Comme l'a bien dit notre rapporteur Bernard Jomier, les craintes suscitées par les lois de bioéthique successives ne se sont pas réalisées et les protections posées ont été bonnes. Sur l'AMP et l'évolution de la parentalité, mesurons d'où nous venons, ainsi que ce qui se passe dans d'autres pays. Le rôle fondamental du père est aujourd'hui une évidence, mais tel n'a toujours pas été le cas, notamment dans nos sociétés patriarcales : le rôle du père a beaucoup changé depuis 1965. Voyons aussi les sociétés africaines au sein desquelles le grand-père joue un rôle majeur. N'ayons donc pas trop de certitudes. Un enfant privé de présence paternelle est-il en danger ? Je ne le pense pas. Souvenons-nous de ce qui se passait avant la réforme de la filiation de 1972 et celle du divorce de 1975. Prenons acte de ces évolutions.
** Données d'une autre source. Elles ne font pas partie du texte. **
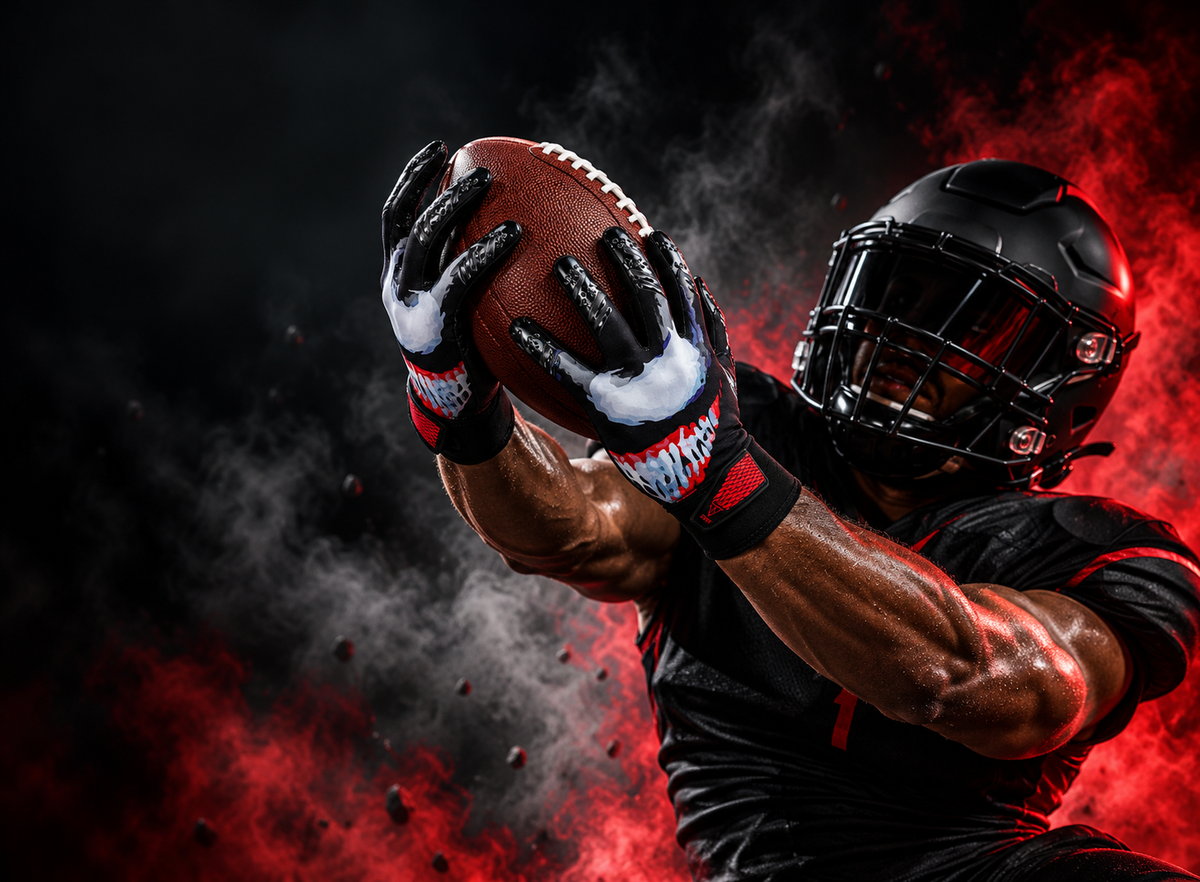 Grip that wins the catch.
Les familles monoparentales rencontrent des problèmes de ressources, de précarité et d'absence de choix de vie. Mais une femme seule peut très bien décider d'élever un enfant toute seule.
Le droit de la filiation est un droit d'ordre public qui a considérablement évolué. Jusqu'en 1972, la filiation légitime était fondée sur le mariage, avec la présomption irréfragable que le père était le mari de la femme, la filiation naturelle ne faisait pas entrer l'enfant dans la famille et la filiation adoptive pouvait concerner des enfants en très bas âge. Les évolutions de la science permettent aujourd'hui de satisfaire le désir d'enfant de couples qui ne peuvent pas avoir d'enfant. La question du désir d'enfant ne pose pas de problème. La vraie question est la suivante : quel est l'intérêt supérieur de l'enfant ? Il n'est pas possible de le définir avec certitude.
Devons-nous freiner ou accepter les évolutions permises par la science et attendues par une partie de la société ? Mon groupe considère que nous devons à notre société d'accompagner ces évolutions, en acceptant les freins nécessaires, mais sans en ajouter d'inutiles.
La société française accepte aujourd'hui le mariage pour tous et admet que ces couples aient des enfants. La situation juridique de ces enfants au sein de ces familles homoparentales va progressivement se stabiliser et nous pourrons évaluer leur situation dans quelques années. Elle ne devrait pas être plus compliquée que celle des enfants des couples séparés aujourd'hui. Vous mettez des freins conservateurs à l'évolution de notre société qui va pourtant plus vite que nous ne le pensons.
Dans son avis sur le présent projet de loi, le Conseil d'État a rappelé les trois principes qui s'appliquent en matière d'éthique : les principes de dignité, de liberté et de solidarité. L'extension de l'AMP risque-t-elle de mettre des enfants dans une situation indigne ? Je ne le pense pas. Peut-on préjuger de la liberté de l'enfant à naître d'avoir un père et une mère, ou deux pères, ou deux mères ? Nous n'en savons rien. Enfin, je considère, au nom de la solidarité, que ce qui se pratique ailleurs doit aussi pouvoir se pratiquer en France : mieux vaut autoriser nos concitoyens, afin de leur faire bénéficier de protections conformes aux valeurs de la République.
Je suis inquiet des propositions de suppression d'articles de notre rapporteur Muriel Jourda. Je suis moins inquiet s'agissant des propositions de nos trois autres rapporteurs et nous aurons un débat.